RECORDS SHOWN ▸

BEGIN

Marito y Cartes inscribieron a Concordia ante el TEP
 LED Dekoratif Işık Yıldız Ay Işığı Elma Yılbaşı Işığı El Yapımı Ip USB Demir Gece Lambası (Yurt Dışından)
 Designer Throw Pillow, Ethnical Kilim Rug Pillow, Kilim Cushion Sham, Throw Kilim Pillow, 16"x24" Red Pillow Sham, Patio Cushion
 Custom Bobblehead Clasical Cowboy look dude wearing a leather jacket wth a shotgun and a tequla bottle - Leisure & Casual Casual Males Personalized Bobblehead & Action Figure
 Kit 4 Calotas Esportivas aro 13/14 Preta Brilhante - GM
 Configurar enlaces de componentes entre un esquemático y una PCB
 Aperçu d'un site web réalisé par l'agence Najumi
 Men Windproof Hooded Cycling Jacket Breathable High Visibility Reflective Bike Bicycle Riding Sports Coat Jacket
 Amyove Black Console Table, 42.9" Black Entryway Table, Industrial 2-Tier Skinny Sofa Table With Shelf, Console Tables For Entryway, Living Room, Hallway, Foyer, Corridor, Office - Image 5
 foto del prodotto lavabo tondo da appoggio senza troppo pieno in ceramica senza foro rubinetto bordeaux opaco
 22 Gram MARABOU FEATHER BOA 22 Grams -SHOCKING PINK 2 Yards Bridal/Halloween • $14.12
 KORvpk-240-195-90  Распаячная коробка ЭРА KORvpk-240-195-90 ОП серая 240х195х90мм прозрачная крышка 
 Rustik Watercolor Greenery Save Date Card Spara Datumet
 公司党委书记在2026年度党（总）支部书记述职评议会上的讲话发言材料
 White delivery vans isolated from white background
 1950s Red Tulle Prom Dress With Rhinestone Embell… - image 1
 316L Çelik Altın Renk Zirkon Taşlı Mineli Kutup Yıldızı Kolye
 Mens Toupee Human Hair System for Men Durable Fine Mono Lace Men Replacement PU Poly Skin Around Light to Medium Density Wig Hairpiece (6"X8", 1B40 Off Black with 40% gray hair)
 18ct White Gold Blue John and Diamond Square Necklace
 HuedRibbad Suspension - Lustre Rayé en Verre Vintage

END

DIRECTIONS ▸
Scan the data above and report each line in which "White" is present.

COMPLETED TASK ▸
 White delivery vans isolated from white background
 18ct White Gold Blue John and Diamond Square Necklace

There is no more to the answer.